Subject Re: [Firebird-Architect] UTF-8 and Compression
Author Olivier Mascia
Le 01-mars-05, à 19:49, Ann W. Harrison a écrit :

> Actually, the collation problem will continue to be more complicated
> than that because most serious collations are multi-level. There
> isn't a simple byte for byte transformation that makes the sort "work".

I, generally, agree.

> The way the current collations work is to assign a byte value to the
> "base" character (e.g. 'A'), then append a bits that give value to
> different accents, upper vs lower case, and the following white space
> or
> punctuation.
>
> Here is Dave Schnepper's explanation of the issue:
>
> The InterBase collation orders for ISO8859 (such as SV_SV) follow a
> full
> linguistic (eg: dictionary) collation order. In such a collation order
> spaces (and other punctuation marks) are of 4th level importance.
>
> First order: A is different than B
> 2nd order: A is different from A-accent-grave
> 3rd order: A is different than a
> 4th order: The type of punctuation mark is important.
>
> For instance:
> Redwing
> Red wing
> Red-wing
> Redwood
> Red wood
> Red worm

Well... Now show that result to any french people using a computer for
any other task than the very specific one of writing the next edition
of the "Larousse" french dictionnary and they will cry at you : "what's
this mess ! You're software is buggy".

Most french people using computers will expect this to sort as:

> Red wing
> Red wood
> Red worm
> Red-wing
> Redwing
> Redwood

To "justify" they are right and that your software is wrong those
french people will throw the ASCII codes at you to show that space and
hyphen comes before letters !! Isn't that stunning ?

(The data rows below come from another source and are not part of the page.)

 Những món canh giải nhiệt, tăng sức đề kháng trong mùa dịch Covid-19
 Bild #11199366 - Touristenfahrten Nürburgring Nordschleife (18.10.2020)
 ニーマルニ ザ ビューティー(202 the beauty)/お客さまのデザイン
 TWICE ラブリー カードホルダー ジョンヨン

Now the generic comment of Dave probably apply with more importance to
some other language, so the problem has to be handled correctly.

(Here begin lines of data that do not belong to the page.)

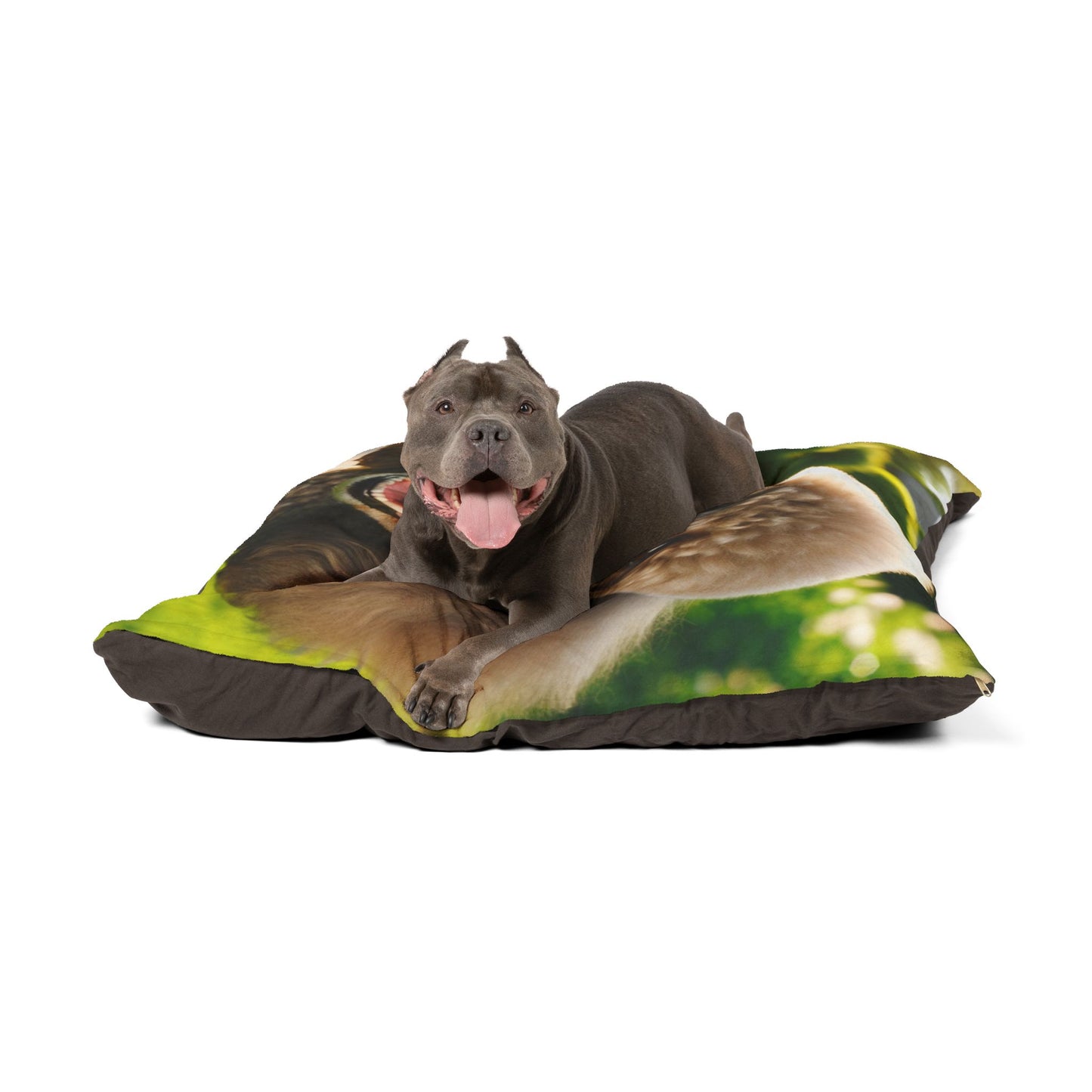 Standard Poodle Pet Bed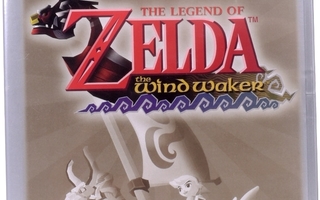 The Legend of Zelda: The Wind Waker (Player's Ch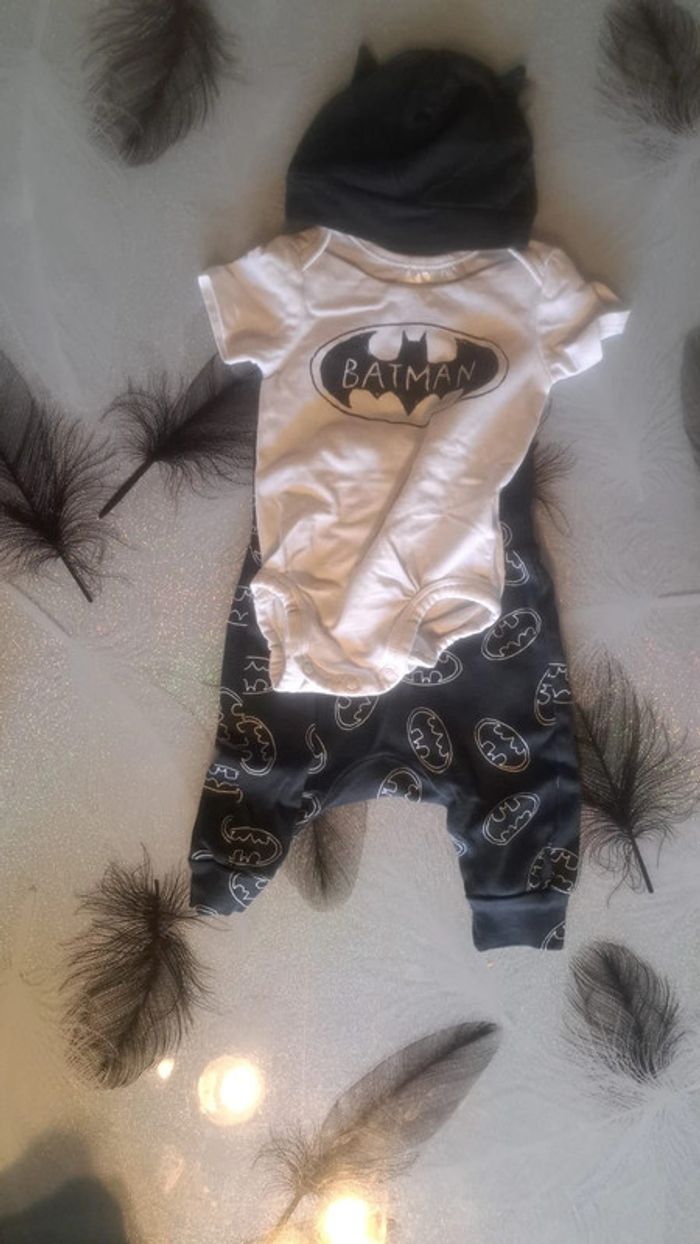 Ensemble Batman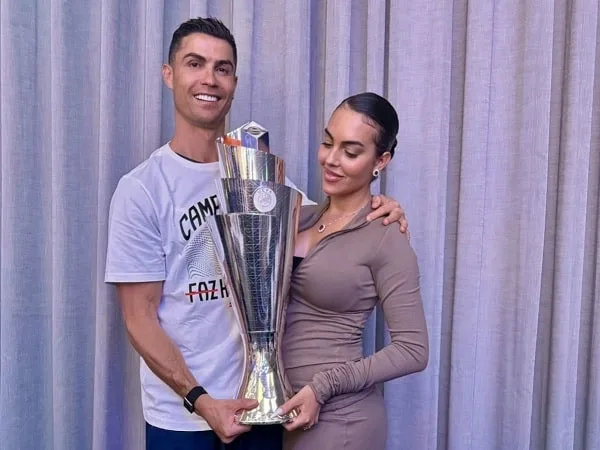 Cristiano Ronaldo.
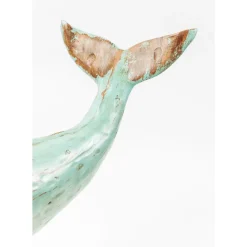 Deko Figur Whale Base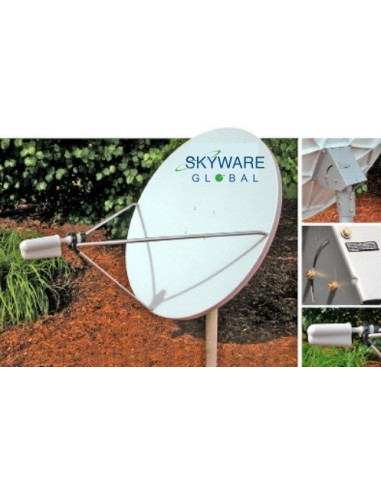 AMP92 1.20m Skyware
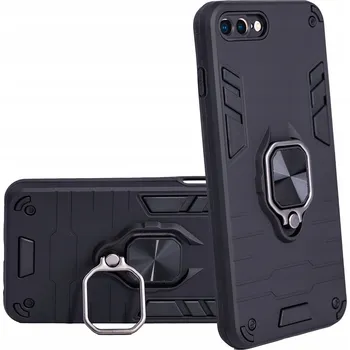 Pouzdro na mobilní telefon Zadní Kryt Hello Case pro Apple iPhone 7 Plus, iPhone 8 Plus, černý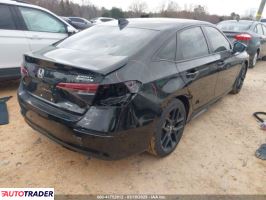Honda Civic 2025 2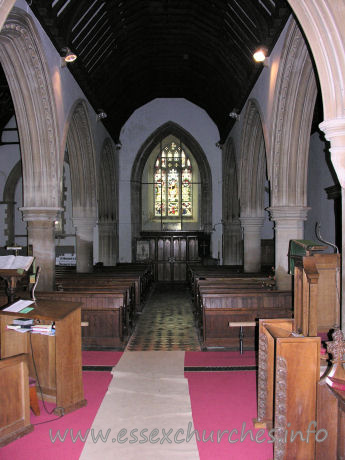 St Michael, Kirby-le-Soken Church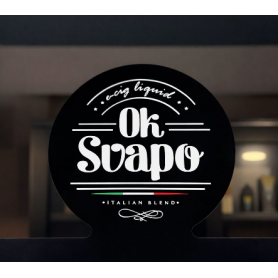 Logo Oksvapo Small 33 - Su Corner Point Professional 80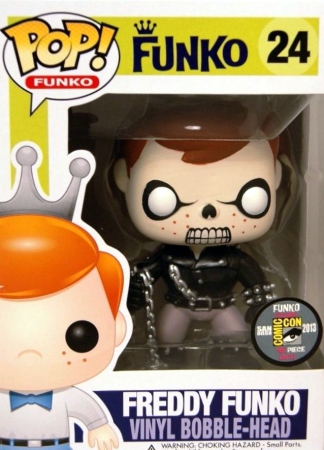 funko pop ghost rider 18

My point is that there is a large difference in what people expect from
general business softwares compared to what is presented to them when
they open the latest edition of a famous french dictionnary. The same
might very well apply to other languages and cultures.

Also, there is a danger in sorting things in an academic perfect way,
when programmers don't have the same facilities in their programming
language or operating system. Imagine that Firebird sort french as
indicated by Dave. Now what mess will happen when the application
itself won't be able to sort in the same way (when sorting in memory
for instance). Just try to make Windows sort a french string using Dave
full recipe...

;-)

--
Olivier Mascia